Task to complete: Your answer should show every line of the material below that includes "Вход".

——

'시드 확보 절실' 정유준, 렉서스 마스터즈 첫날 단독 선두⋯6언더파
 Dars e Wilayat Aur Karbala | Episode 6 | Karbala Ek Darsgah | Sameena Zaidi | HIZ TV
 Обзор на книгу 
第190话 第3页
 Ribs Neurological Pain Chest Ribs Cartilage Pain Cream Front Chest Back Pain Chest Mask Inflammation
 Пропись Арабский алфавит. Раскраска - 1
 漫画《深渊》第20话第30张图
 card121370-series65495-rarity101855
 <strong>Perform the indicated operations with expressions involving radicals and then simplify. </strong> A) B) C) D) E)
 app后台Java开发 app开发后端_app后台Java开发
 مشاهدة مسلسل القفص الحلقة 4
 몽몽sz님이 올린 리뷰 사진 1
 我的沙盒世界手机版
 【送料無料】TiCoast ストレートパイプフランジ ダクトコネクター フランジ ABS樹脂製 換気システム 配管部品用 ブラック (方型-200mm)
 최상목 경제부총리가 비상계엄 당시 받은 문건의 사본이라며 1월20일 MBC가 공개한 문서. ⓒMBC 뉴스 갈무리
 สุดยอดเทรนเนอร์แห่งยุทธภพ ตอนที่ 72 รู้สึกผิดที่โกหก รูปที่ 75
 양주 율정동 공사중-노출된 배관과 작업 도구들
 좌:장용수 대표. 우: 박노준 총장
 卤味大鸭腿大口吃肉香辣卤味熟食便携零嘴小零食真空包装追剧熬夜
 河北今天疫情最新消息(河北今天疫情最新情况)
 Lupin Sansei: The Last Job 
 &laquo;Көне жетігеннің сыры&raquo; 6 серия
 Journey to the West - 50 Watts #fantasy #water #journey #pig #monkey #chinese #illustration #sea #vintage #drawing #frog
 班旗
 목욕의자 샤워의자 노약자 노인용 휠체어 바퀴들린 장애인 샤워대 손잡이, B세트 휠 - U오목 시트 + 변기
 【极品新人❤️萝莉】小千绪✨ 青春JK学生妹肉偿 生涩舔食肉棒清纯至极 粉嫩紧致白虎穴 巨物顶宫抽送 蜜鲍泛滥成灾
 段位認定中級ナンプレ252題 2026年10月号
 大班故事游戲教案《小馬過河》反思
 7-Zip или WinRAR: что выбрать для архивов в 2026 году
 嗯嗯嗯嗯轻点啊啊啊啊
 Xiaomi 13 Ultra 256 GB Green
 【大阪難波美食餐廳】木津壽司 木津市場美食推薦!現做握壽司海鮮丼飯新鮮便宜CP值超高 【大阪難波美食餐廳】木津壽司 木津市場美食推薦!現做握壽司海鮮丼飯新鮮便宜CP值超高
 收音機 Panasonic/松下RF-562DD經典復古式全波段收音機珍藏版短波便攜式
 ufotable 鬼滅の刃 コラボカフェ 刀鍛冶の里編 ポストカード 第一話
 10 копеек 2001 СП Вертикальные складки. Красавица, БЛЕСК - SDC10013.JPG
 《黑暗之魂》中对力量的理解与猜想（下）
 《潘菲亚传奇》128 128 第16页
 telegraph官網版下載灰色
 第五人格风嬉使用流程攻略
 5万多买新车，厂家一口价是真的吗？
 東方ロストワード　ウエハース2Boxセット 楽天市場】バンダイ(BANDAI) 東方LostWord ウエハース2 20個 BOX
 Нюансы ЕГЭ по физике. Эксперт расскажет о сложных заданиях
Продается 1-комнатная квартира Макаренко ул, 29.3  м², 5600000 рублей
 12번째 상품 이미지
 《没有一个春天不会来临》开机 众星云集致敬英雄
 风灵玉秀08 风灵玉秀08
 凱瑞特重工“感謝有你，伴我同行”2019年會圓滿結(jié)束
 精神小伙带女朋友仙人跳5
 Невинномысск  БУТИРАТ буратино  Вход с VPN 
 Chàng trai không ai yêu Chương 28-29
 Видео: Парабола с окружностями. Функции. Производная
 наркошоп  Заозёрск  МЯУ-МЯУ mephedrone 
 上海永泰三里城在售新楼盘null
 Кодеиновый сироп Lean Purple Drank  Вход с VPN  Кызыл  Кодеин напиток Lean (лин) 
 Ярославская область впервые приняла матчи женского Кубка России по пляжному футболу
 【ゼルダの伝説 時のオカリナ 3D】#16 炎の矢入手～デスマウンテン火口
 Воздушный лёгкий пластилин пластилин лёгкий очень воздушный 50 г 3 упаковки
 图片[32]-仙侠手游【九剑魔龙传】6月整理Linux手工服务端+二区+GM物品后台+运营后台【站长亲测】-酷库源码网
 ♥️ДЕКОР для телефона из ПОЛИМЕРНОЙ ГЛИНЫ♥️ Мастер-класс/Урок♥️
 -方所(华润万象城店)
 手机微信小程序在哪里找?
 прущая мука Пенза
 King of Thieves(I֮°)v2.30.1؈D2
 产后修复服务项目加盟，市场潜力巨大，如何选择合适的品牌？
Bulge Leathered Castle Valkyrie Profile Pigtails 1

——

Response area:
 Невинномысск  БУТИРАТ буратино  Вход с VPN 
 Кодеиновый сироп Lean Purple Drank  Вход с VPN  Кызыл  Кодеин напиток Lean (лин) 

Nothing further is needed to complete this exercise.